======== The data ========
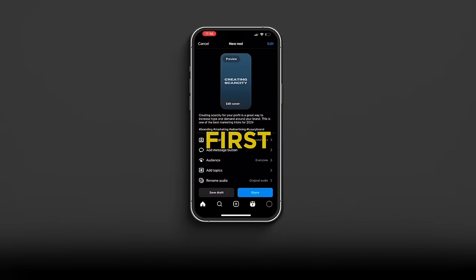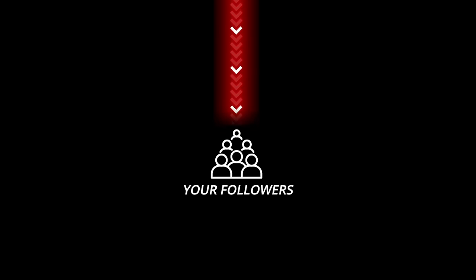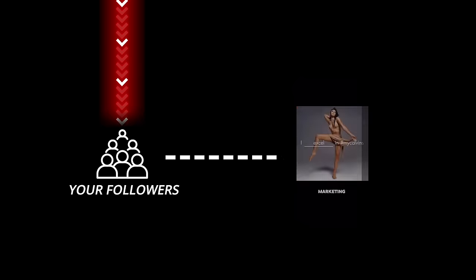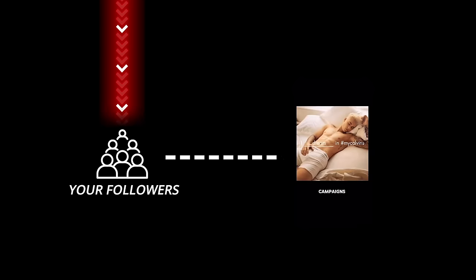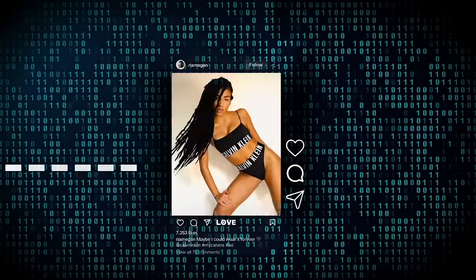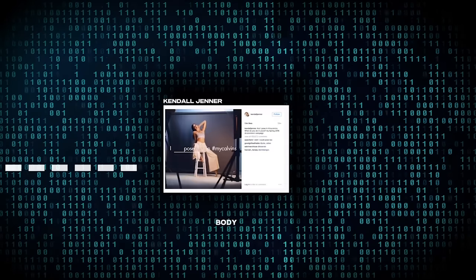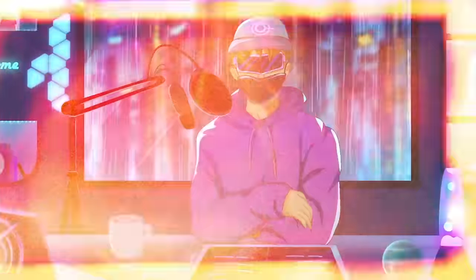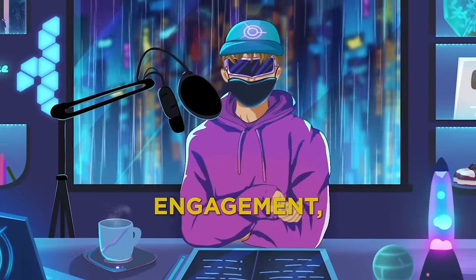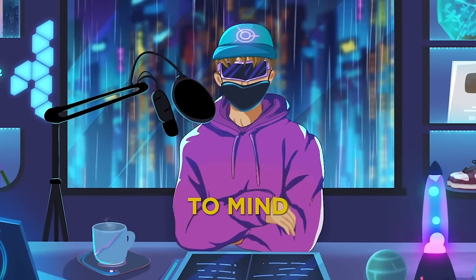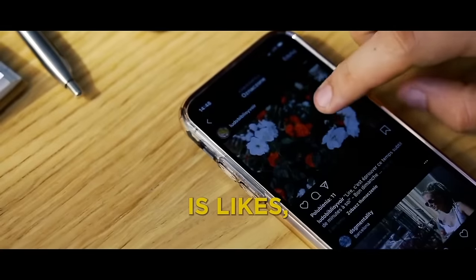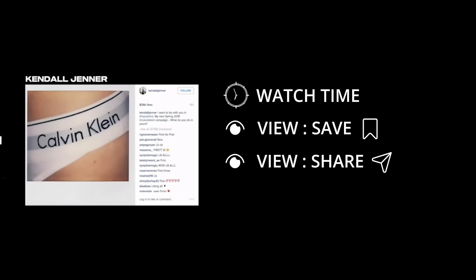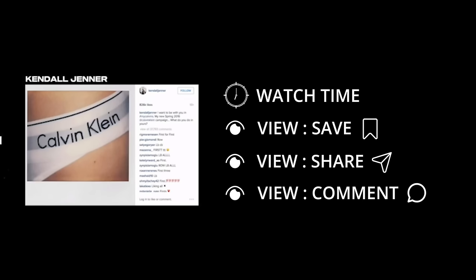When you first publish your content, the Instagram algorithm shows it to a group of your followers. Here is where it gathers the first bits of information about your post. It does this by measuring the amount of engagement that it gets from this first group of people who see it. Now, when I say engagement, the first thing that probably comes to mind for you is likes. But what if I told you that that's actually not what the Instagram algorithm cares about? Instead, it tracks watch time, the view to save ratio, the view to share ratio, and the view to comment ratio.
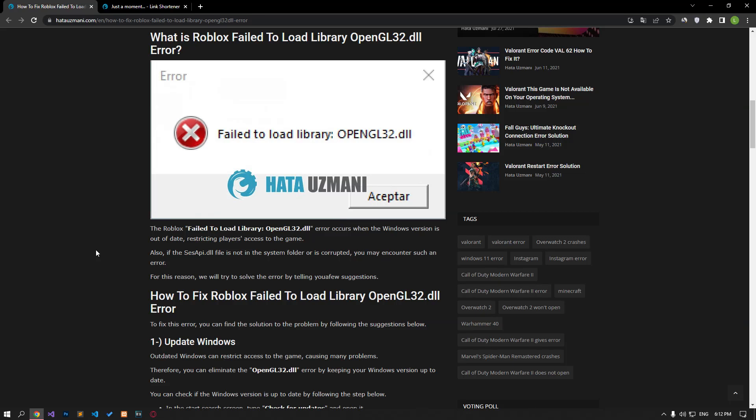Hello everyone, welcome to the Bug Expert channel. In this video, we will talk about solutions for friends who encounter Roblox OpenGL32 error. This error occurs when the Windows version is not up to date, restricting players' access to the game.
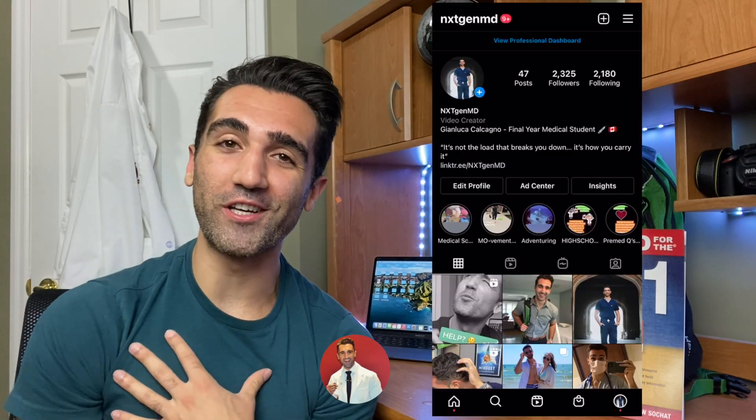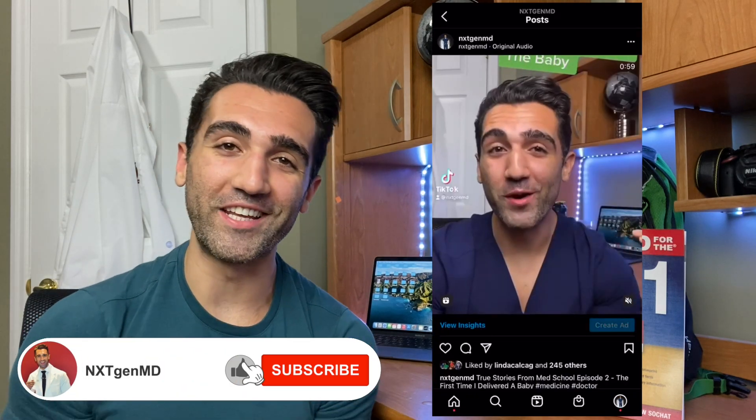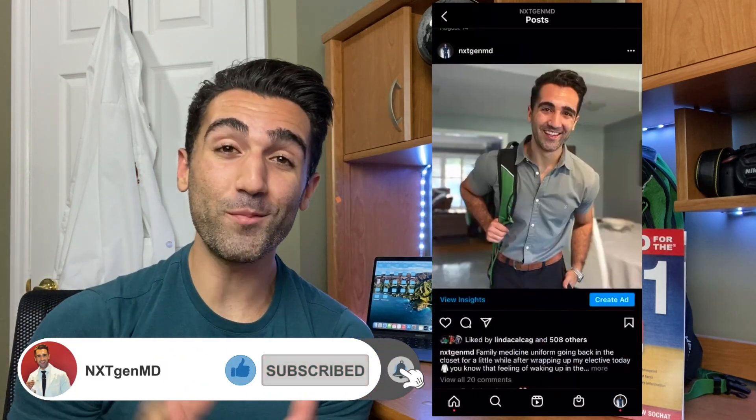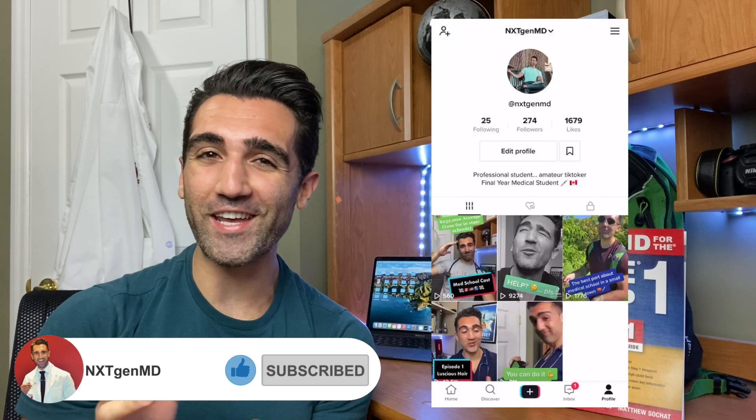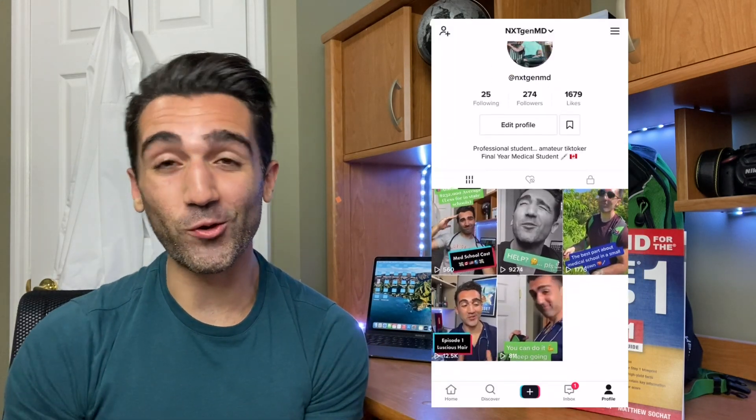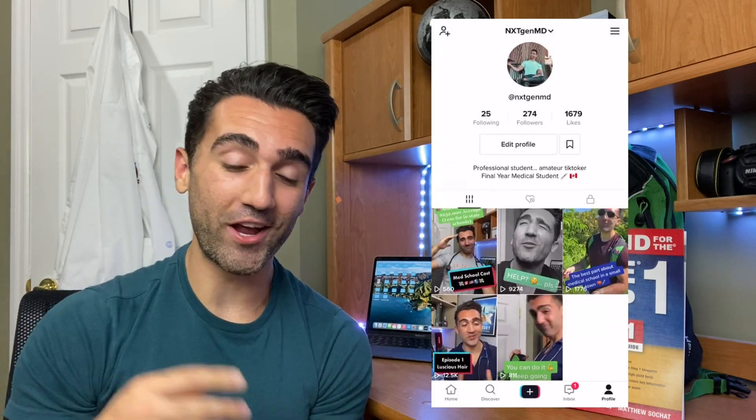How's it going guys, welcome back to the channel. My name is Gianluca and I am a final year medical student studying in Canada. A few weeks ago on my Instagram account I dropped a hint that in addition to getting ready for residency applications and studying for the Canadian board exams, the LMCC, I was also considering writing the American medical board exams. I'll get into my reasons why in a separate video.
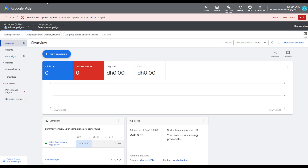In this video I'm going to show you how to add keywords to your Google Ads. Stick around till the end — I'm going to show you two methods. The first method is how to actually plan the keywords, and the second method is how to add new keywords to your existing campaign.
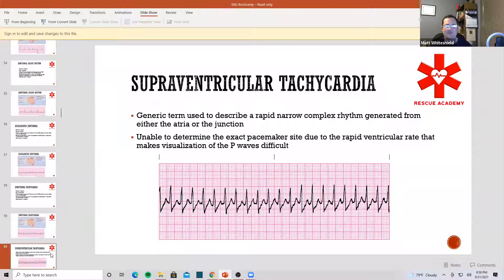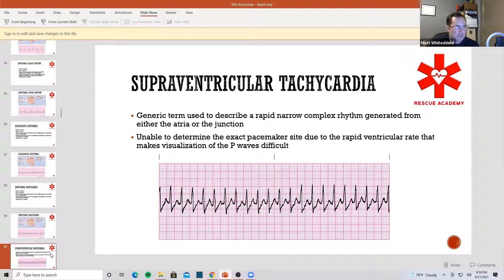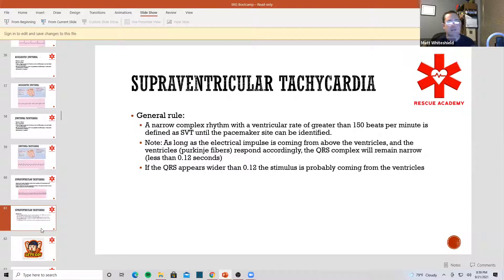SVT — why is SVT brought up here in junctional? Let's say we have a rhythm that is greater than 150, a really fast rhythm, and I can't tell if I have a P-wave or not — is it a junctional rhythm or is it an atrial rhythm? Well, if I can't tell, we call it supraventricular tachycardia. As a general rule, a narrow complex rhythm with a ventricular rate greater than 150 is defined as SVT until the pacemaker site is identified. Then we could call it atrial tachycardia or junctional tach — but because we don't know, we call it SVT.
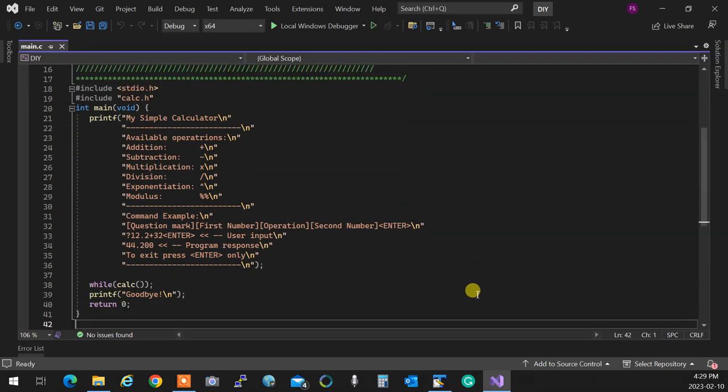Sorry if I'm repeating myself, but I'm recording so I have to start from the beginning. You are writing a calculator, a command line calculator.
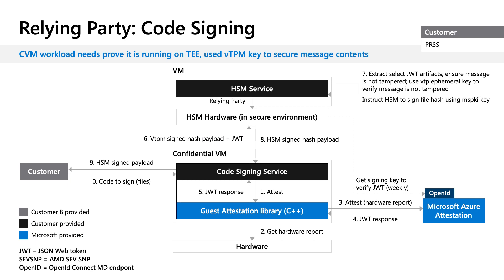In this scenario, a code signing service provides code signing using HSM-based keys. The code signing service consists of two distinct services: a service named code signing service that accepts the code files and hardware security module in a secure environment. The HSM is the relying party that needs assurance that the code signing service is trustworthy before it signs the code using an HSM key.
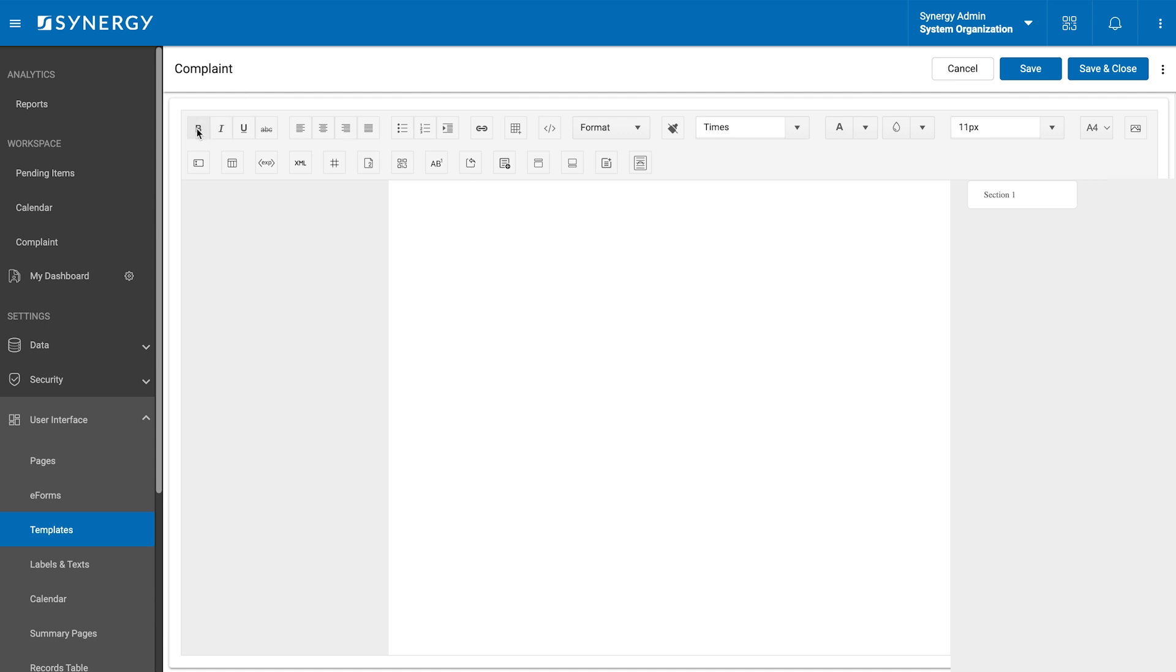Bold to highlight important text. Italic to emphasize words or indicate titles. Underline to draw attention to key points. Font size and color to adjust text for readability and visual appeal. Alignment to align text to the left, center, right or justify. Bulleted and numbered lists to organize content for clarity.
========
All lines from the beginning of the entries above to the line containing "Sorry if I'm", inclusive, should be printed exactly, apart from the pictures.

When you first publish your content, the Instagram algorithm shows it to a group of your followers. Here is where it gathers the first bits of information about your post. It does this by measuring the amount of engagement that it gets from this first group of people who see it. Now, when I say engagement, the first thing that probably comes to mind for you is likes. But what if I told you that that's actually not what the Instagram algorithm cares about? Instead, it tracks watch time, the view to save ratio, the view to share ratio, and the view to comment ratio.
Hello everyone, welcome to the Bug Expert channel. In this video, we will talk about solutions for friends who encounter Roblox OpenGL32 error. This error occurs when the Windows version is not up to date, restricting players' access to the game.
How's it going guys, welcome back to the channel. My name is Gianluca and I am a final year medical student studying in Canada. A few weeks ago on my Instagram account I dropped a hint that in addition to getting ready for residency applications and studying for the Canadian board exams, the LMCC, I was also considering writing the American medical board exams. I'll get into my reasons why in a separate video.
In this video I'm going to show you how to add keywords to your Google Ads. Stick around till the end — I'm going to show you two methods. The first method is how to actually plan the keywords, and the second method is how to add new keywords to your existing campaign.
SVT — why is SVT brought up here in junctional? Let's say we have a rhythm that is greater than 150, a really fast rhythm, and I can't tell if I have a P-wave or not — is it a junctional rhythm or is it an atrial rhythm? Well, if I can't tell, we call it supraventricular tachycardia. As a general rule, a narrow complex rhythm with a ventricular rate greater than 150 is defined as SVT until the pacemaker site is identified. Then we could call it atrial tachycardia or junctional tach — but because we don't know, we call it SVT.
Sorry if I'm repeating myself, but I'm recording so I have to start from the beginning. You are writing a calculator, a command line calculator.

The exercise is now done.